Research & Papers

FGTR: Fine-Grained Multi-Table Retrieval via Hierarchical LLM Reasoning

New AI method mimics human-like reasoning to find precise data across multiple complex tables.

Deep Dive

A research team led by Chaojie Sun has introduced FGTR (Fine-Grained Multi-Table Retrieval via Hierarchical LLM Reasoning), a novel AI method that fundamentally changes how large language models (LLMs) find and extract data from databases. Unlike previous approaches that encode entire tables for simple similarity matching—a process that often includes irrelevant data and struggles with scale—FGTR employs a human-like, two-stage reasoning strategy. It first uses the LLM to identify the relevant database schema elements (like specific columns or tables related to a query) and then retrieves only the precise cell contents needed. This hierarchical process results in a compact, accurate sub-table that directly answers the user's question, drastically cutting through noise.

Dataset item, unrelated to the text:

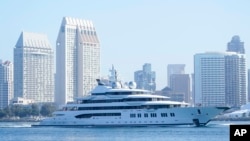 FILE - The superyacht Amadea passes San Diego as it comes into the San Diego Bay, seen from Coronado, California, June 27, 2022. The $325 million superyacht was seized by the United States from a sanctioned Russian oligarch.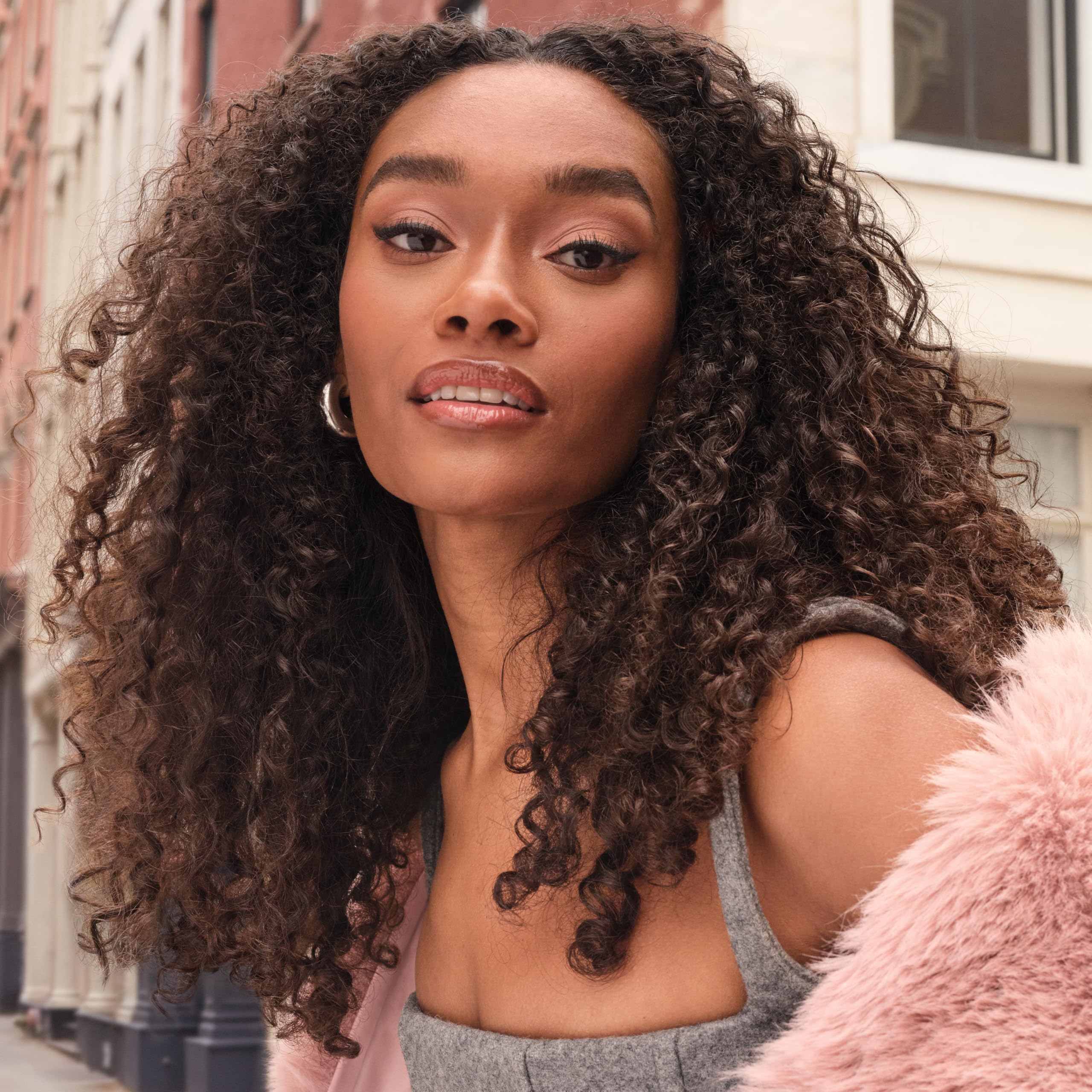 Maybelline Superfluff Brow Mousse packaging display showcases product and shade options.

To validate its performance, the team built two new benchmark datasets based on the established Spider and BIRD benchmarks. Experimental results are striking: FGTR outperforms previous state-of-the-art methods, improving the F2 evaluation metric by 18% on Spider and 21% on BIRD. This significant leap in accuracy demonstrates the method's effectiveness in handling fine-grained, multi-table queries, a task previously underexplored in retrieval research. The paper, currently under review for SIGIR 2026, highlights FGTR's potential to enhance end-to-end performance on downstream tasks that rely on table data, such as complex question answering and data analysis, by making LLM-based retrieval both more precise and computationally efficient.

Key Points
  • Uses a novel two-step, hierarchical LLM reasoning process to first find schema elements, then retrieve specific cells.
  • Outperforms prior methods by improving the F2 metric by 18% on Spider and 21% on the BIRD benchmark.
  • Solves the multi-table query problem, constructing concise answer sub-tables instead of retrieving irrelevant bulk data.

Why It Matters

Enables more accurate, efficient data analysis from complex databases, directly improving AI-powered business intelligence and research tools.